**What the exercise asks**
With the pictures omitted, print exactly the lines below, from the one containing "Simple Style Heart" through the one containing "STEVE ATWATER AUTOGRAPHED", and nothing else.

Records to use section start

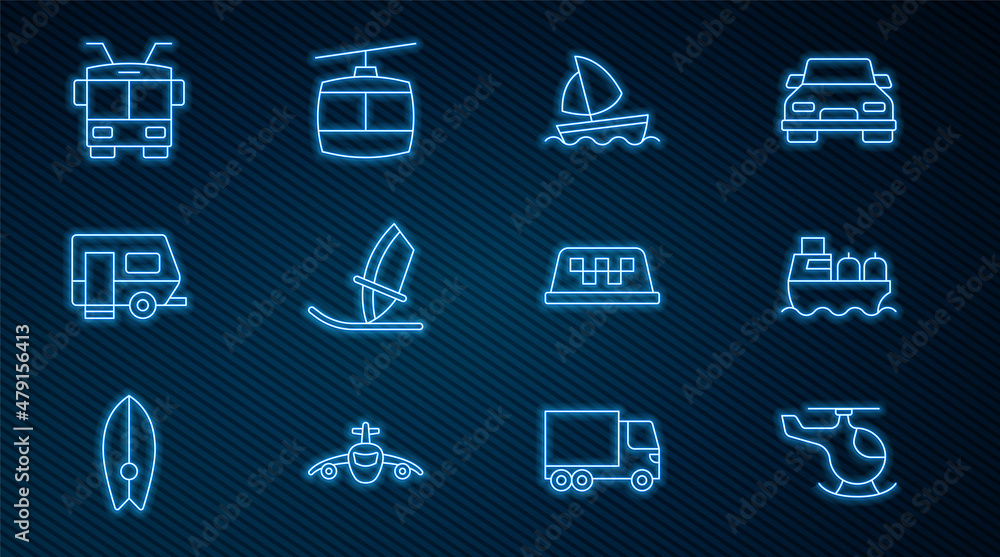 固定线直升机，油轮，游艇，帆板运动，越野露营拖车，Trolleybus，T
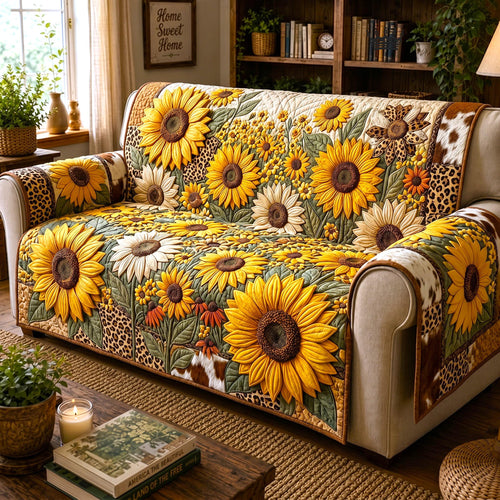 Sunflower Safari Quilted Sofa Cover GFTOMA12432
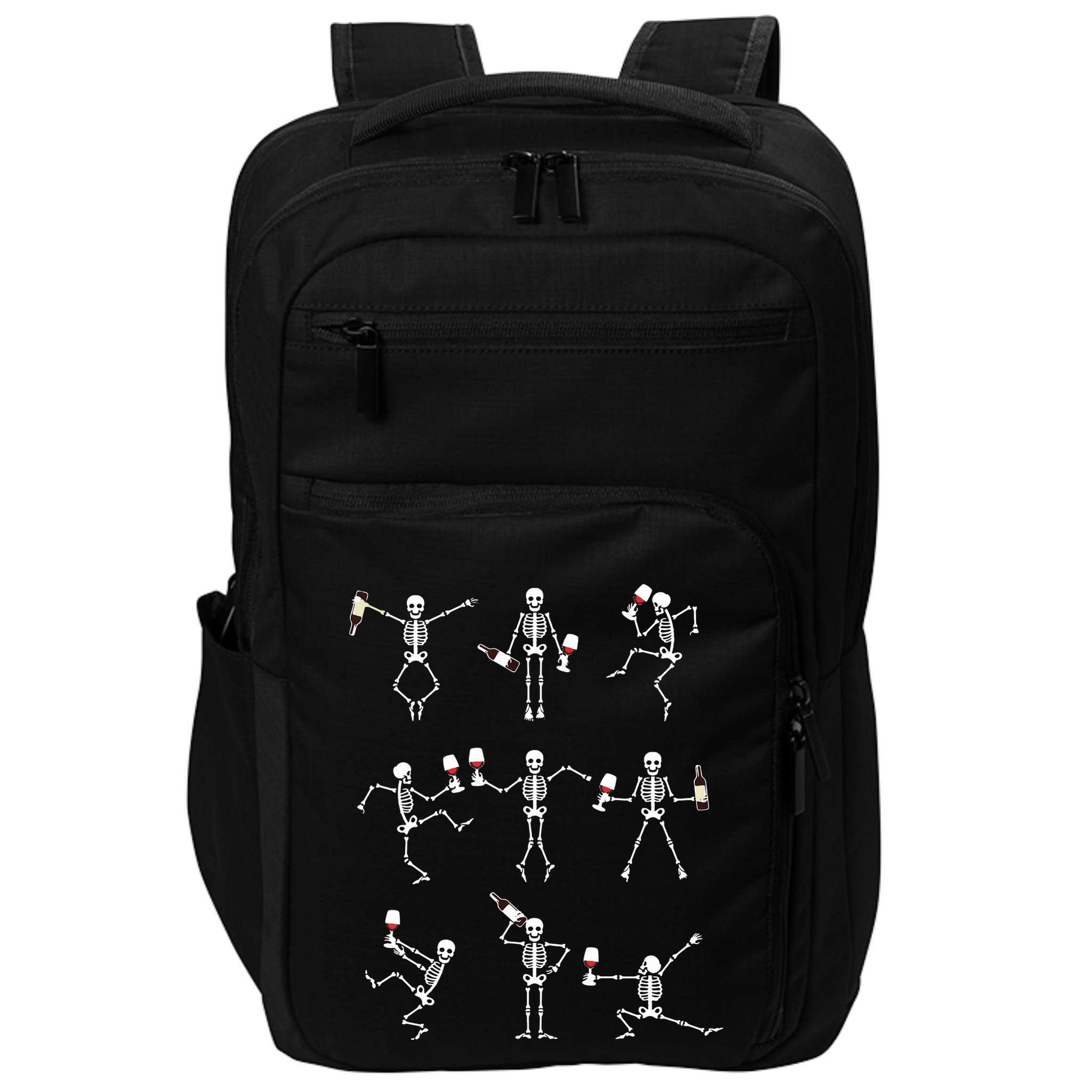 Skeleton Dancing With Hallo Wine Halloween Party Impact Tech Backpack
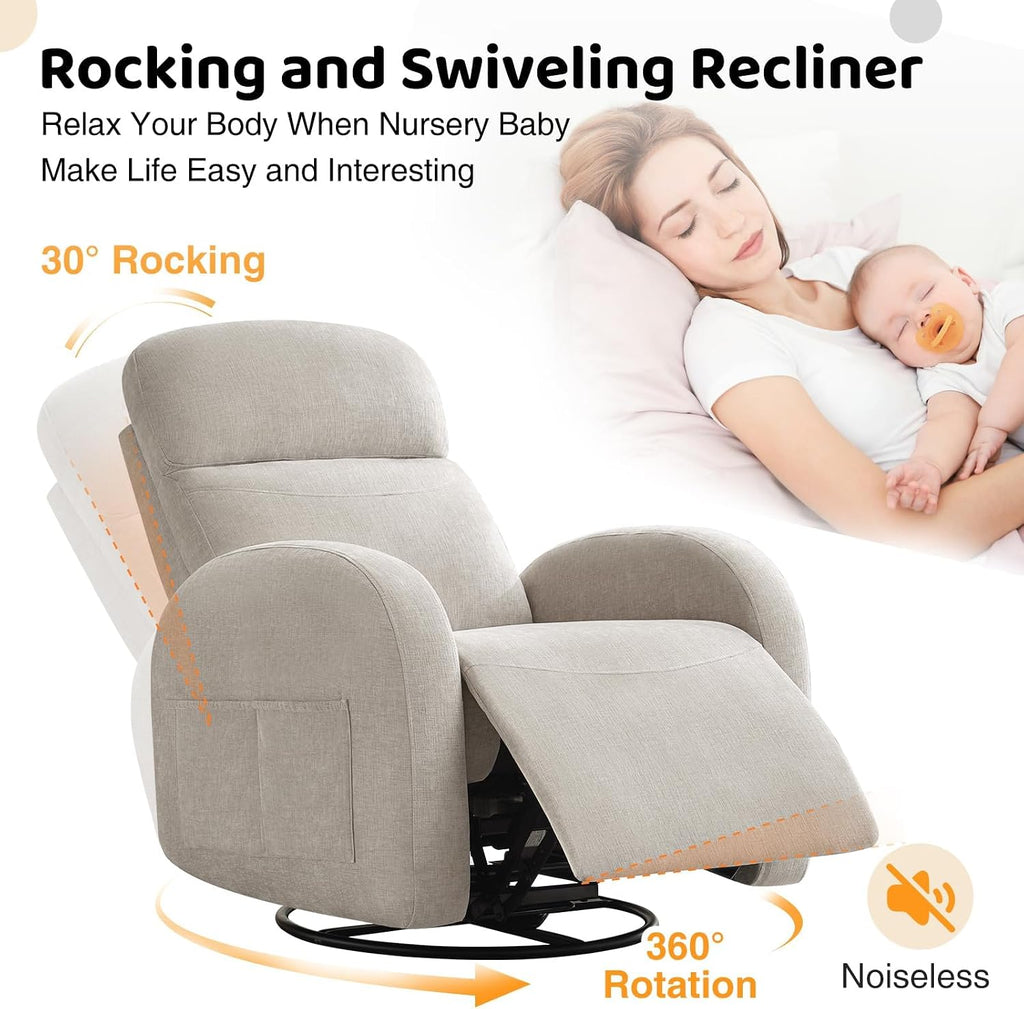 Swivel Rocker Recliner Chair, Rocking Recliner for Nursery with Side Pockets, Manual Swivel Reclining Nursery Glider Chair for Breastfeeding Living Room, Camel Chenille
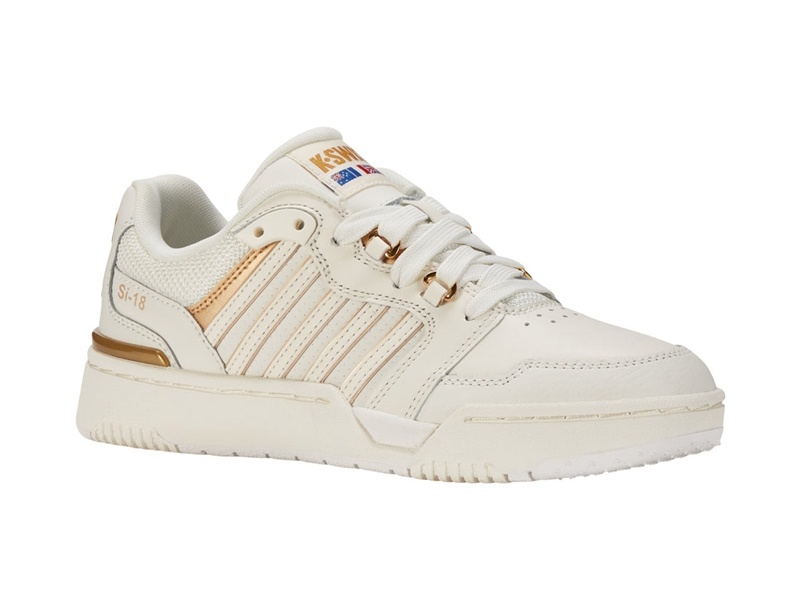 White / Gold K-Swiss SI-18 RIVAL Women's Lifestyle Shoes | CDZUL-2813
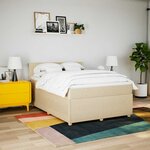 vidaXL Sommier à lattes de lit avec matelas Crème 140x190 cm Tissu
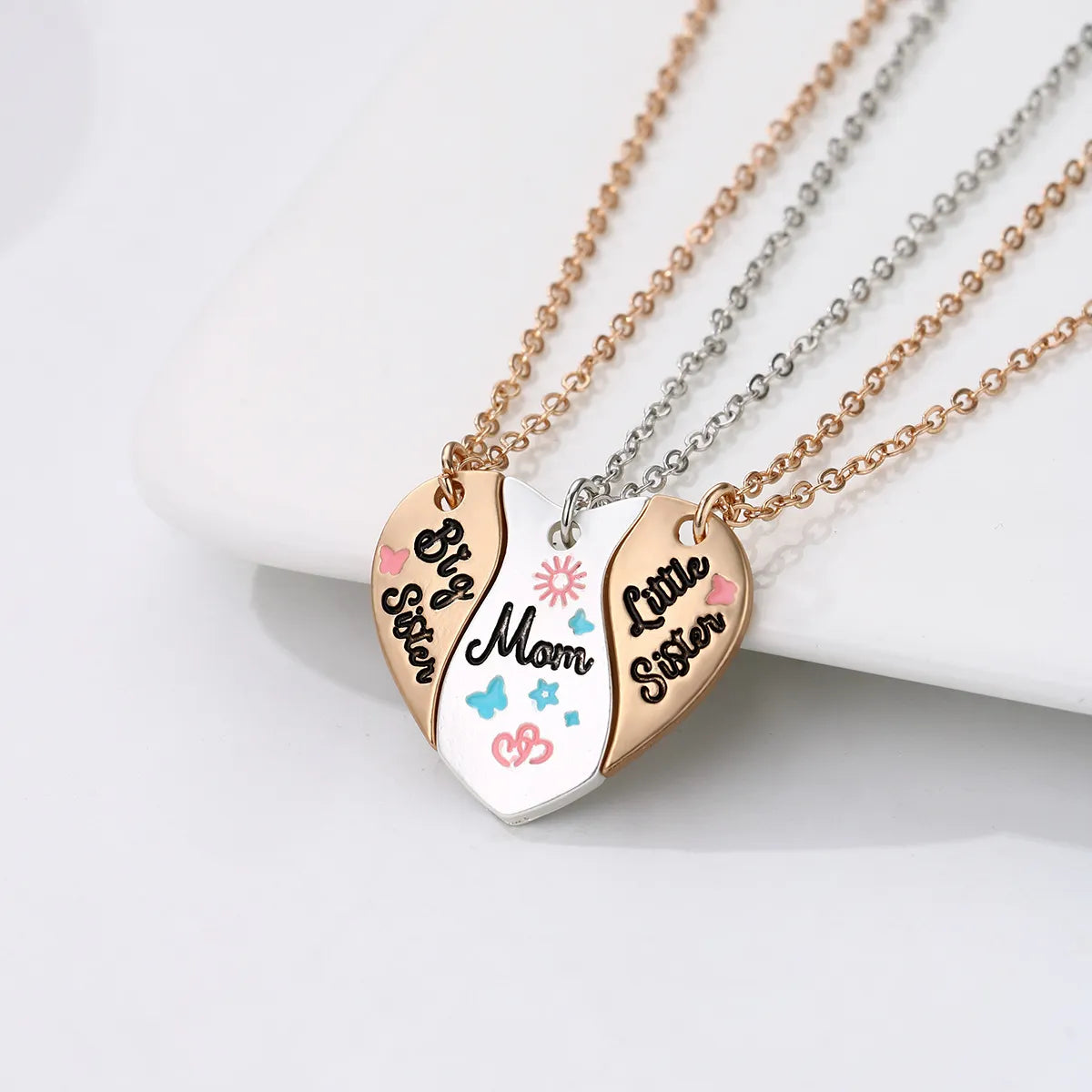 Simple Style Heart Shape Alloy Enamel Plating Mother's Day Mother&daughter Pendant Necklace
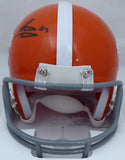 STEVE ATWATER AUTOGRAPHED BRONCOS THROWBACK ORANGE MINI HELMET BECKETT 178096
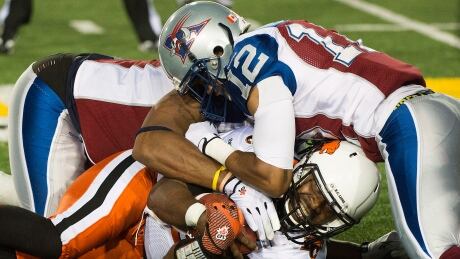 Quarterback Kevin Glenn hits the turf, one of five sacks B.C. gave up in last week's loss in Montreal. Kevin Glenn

Records to use section end

**Answer for the task**
 Simple Style Heart Shape Alloy Enamel Plating Mother's Day Mother&daughter Pendant Necklace
 STEVE ATWATER AUTOGRAPHED BRONCOS THROWBACK ORANGE MINI HELMET BECKETT 178096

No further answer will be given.